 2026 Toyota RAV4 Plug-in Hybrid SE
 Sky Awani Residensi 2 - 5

########

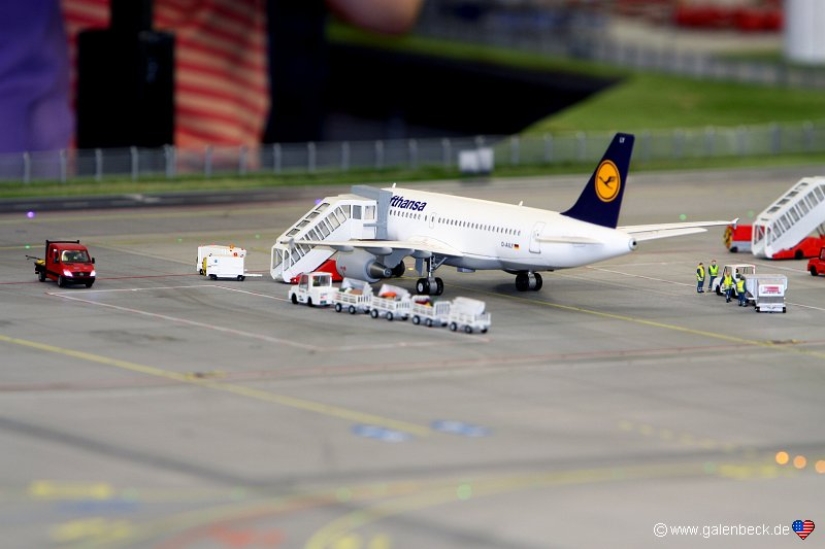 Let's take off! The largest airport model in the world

########

Task - Exact duplication is required for the lines above, from the line that contains "2026 Toyota RAV4 Plug-in Hybrid SE" to the line that contains "Sky Awani Residensi 2 - 5", inclusive; omit all others.

Result of this task -
 2026 Toyota RAV4 Plug-in Hybrid SE
 Sky Awani Residensi 2 - 5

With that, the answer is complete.